One of the clearest examples of the two countries’ divergent paths is Trump’s withdrawal from the Trans-Pacific Partnership, a 12-nation trade deal that excludes China, and the Asian powerhouse’s role as a dominant foreign investor in Africa, Central Asia, Latin America and the Middle East.
China’s outward foreign direct investment totaled $187.8 billion in 2015, a record and a 52.5% increase from a year earlier, according to the World Bank. Ten years ago, its outward FDI stood at about $17.2 billion. The U.S. FDI — though still significantly larger than China at $348.6 billion — grew only 1.5% year-over-year.
“I think the Chinese have realized they’re the major beneficiary of globalization,” says Pieter P. Bottelier, former chief of the Resident Mission in Beijing for the World Bank. “If the U.S. ducks out, China will take over the leadership role in globalization. And whatever happens to China, it’ll have a major impact on Americans.”
The range of projects China has launched is eyepopping:
• New Silk Road: China’s modern version of the ancient East-West trade route — known as One Belt One Road — winds its way through Asia, the Middle East and Europe. Launched in 2014 with $40 billion of initial investment, it entails new or reinvigorated railways, ports and roads that will link key cities. The anticipated total investment could top $4 trillion, according to The Economist, citing Chinese government officials.
“People don’t’ seem to realize how important it is,” Bottelier says. “A (freight) train is already running between London and China.”
• Pakistani infrastructure: Chinese President Xi Jinping arrived in Pakistan in the spring of 2015 and announced $45 billion worth of investment projects in energy and infrastructure development, some of it tied to the new trade route.
• Nicaraguan canal: In 2015, Wang Jing, a Chinese billionaire who made his fortune in telecom, began digging in the city of Brito, Nicaragua, in hopes of building a canal that will cut 170 miles across the country and ultimately compete with the Panama Canal. The project stalled as his fortunes sank along with the Chinese stock market, but it has not been abandoned.

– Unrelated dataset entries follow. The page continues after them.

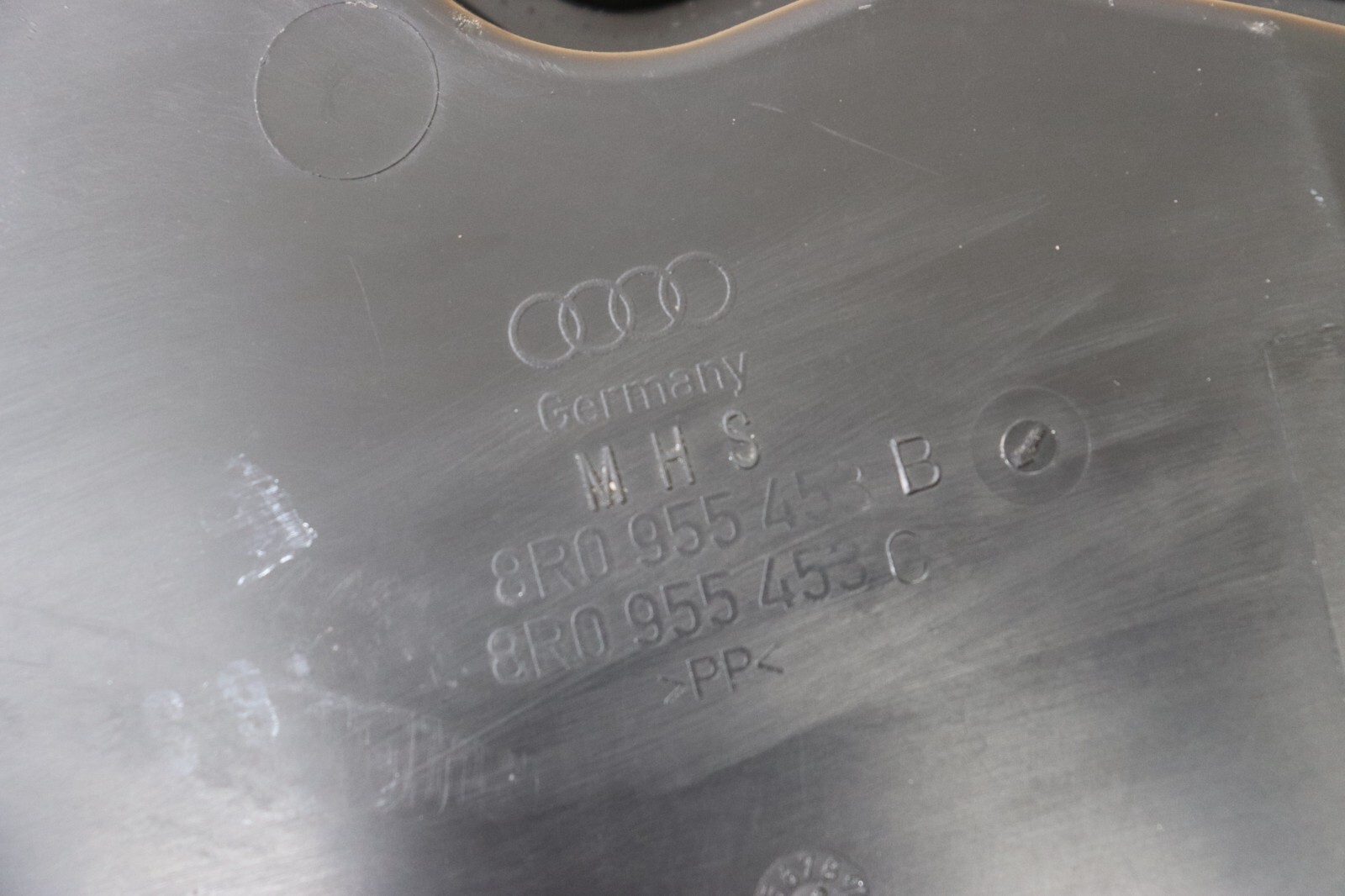 ]1216 2016 AUDI Q5 2.0L WASHER FLUID RESERVOIR WINDSHIELD WASHER TANK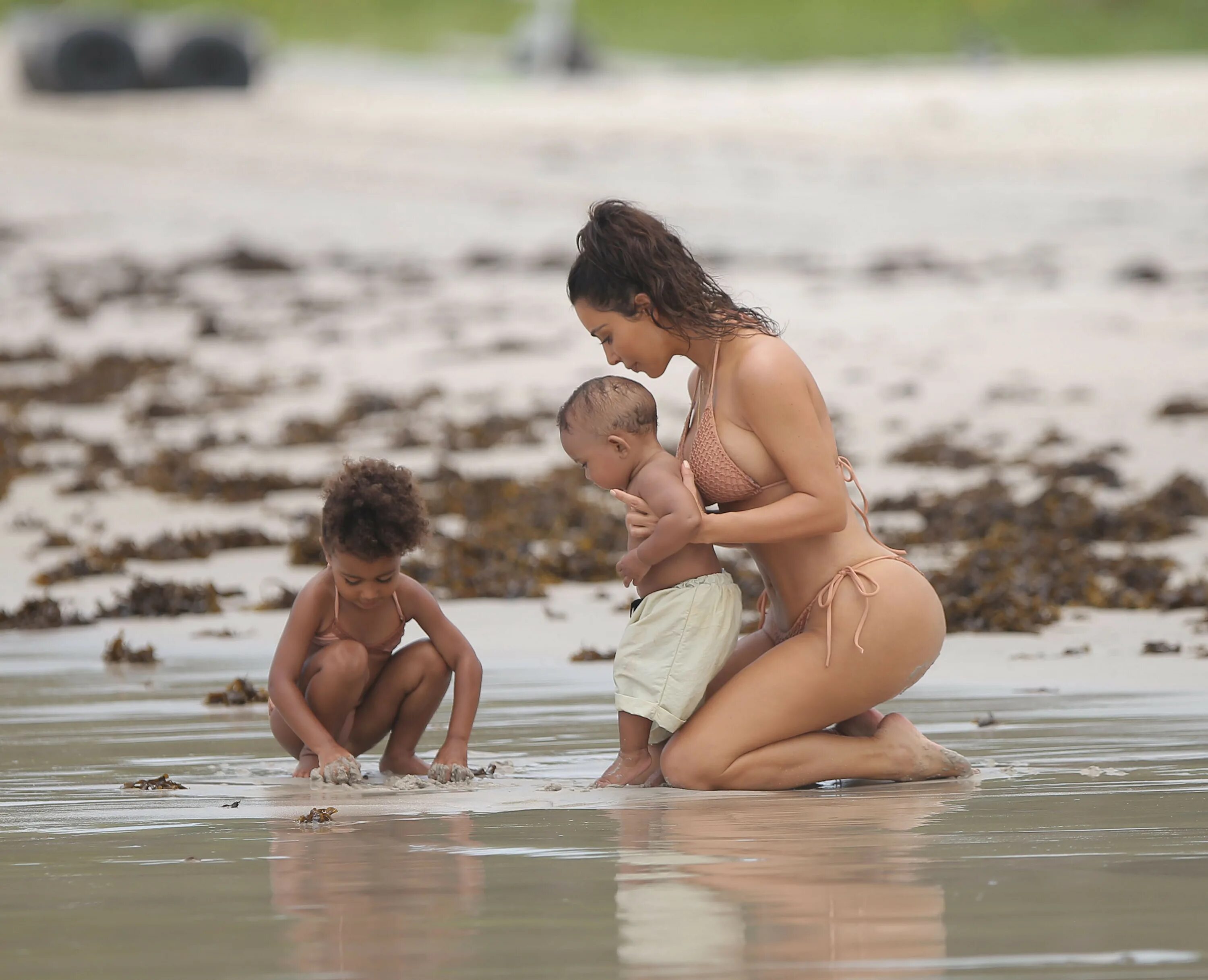Мамы на нудиском пляже. Нагие дети с родителями. Мамочки на пляже с семьей.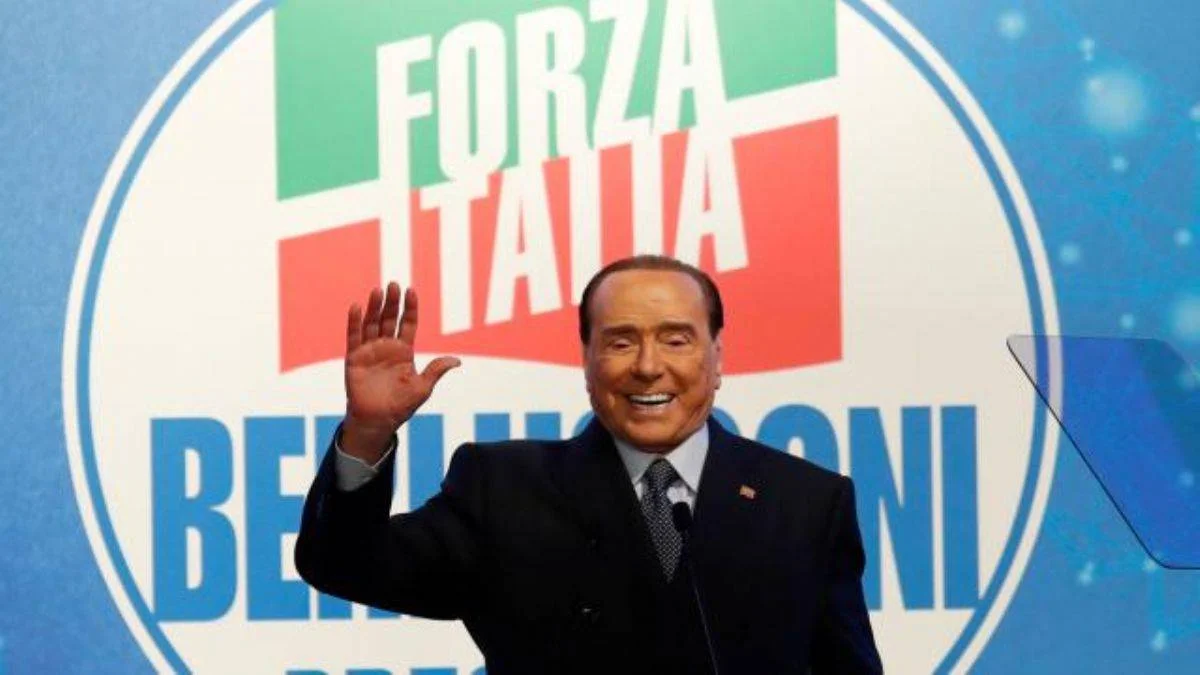 İtalya'da eski başbakan Berlusconi, seçimlerde aday olmayı düşünüyor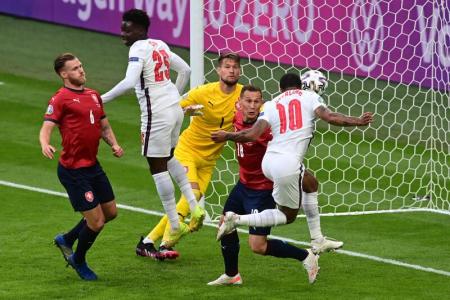 Euro 2020: England get job done with 1-0 win over Czechs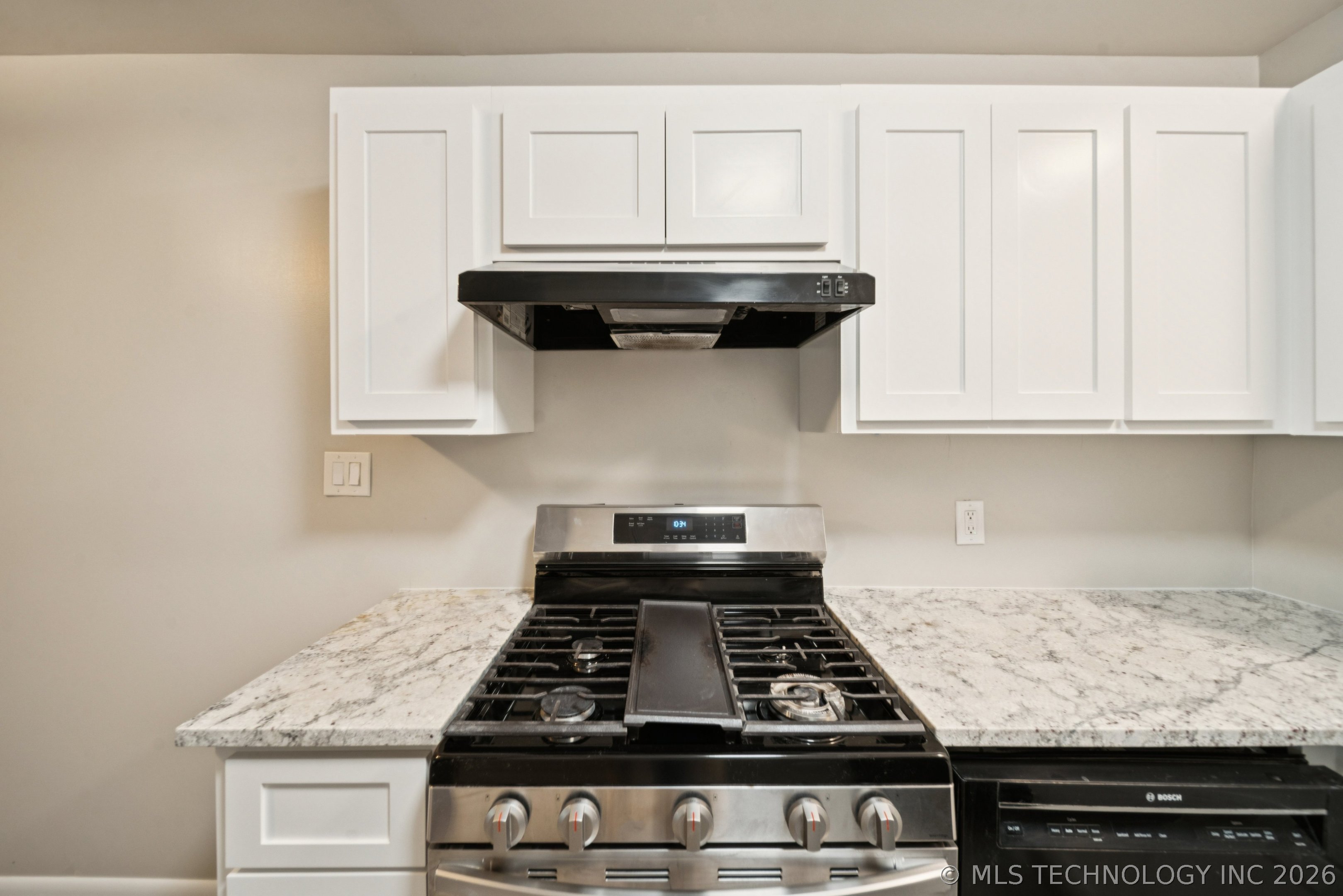 4517 S Peoria Avenue 10 Property Photo 20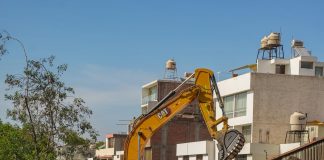 Maquinaria pesada continúa trabajos de recuperación y encauzamiento de la torrentera en Flora Tristán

• South American rail: China plans to build and expand rail networks in Brazil, Peru and Colombia, though it has run into opposition from environmentalists.
“A lot of gigantic Chinese companies are good at building dams, bridges, railroads, and we can use their expertise and capacity abroad,” Kuijs says.
Besides courting favor with other countries, global investments help Chinese leaders deal with a persistent domestic economic issue: massive excess capacity for producing steel, glass, cement, paper, solar panels and other products.
Wheeling and dealing
In addition to massive infrastructure projects, China exerted its financial muscle by taking the lead in creating the Asian Infrastructure Investment Bank in 2015, a 35-nation organization that will compete with older world lending institutions where China has less clout, such as the Asian Development Bank and World Bank. The investment bank’s initial total capital was $100 billion, significantly smaller than the Asian Development Bank and the World Bank’s capital.
China’s sway in the bank is part of its broader geopolitical strategy “to undermine the U.S. alliance system in Asia,” says Jennifer Harris, a senior fellow at Council on Foreign Relations.
The Export-Import Bank of China and China Development Bank are even larger and also spend billions a year abroad. But they aren’t transparent in their operations like the new bank, which helps shed China’s reputation as a world player more comfortable with shadow lending and backroom deals. “It is also multilateral, not bilateral, so other countries can have (a say),” Kuijs said.
Chinese President Xi summed up his country’s goal at the World Economic Forum in Davos, Switzerland, in January with words that could not have been more different than Trump’s isolationist “America First” mantra:
“We must remain committed to developing global free trade and investment, promote trade and investment liberalization and facilitation through opening up,” he said. “And say no to protectionism.”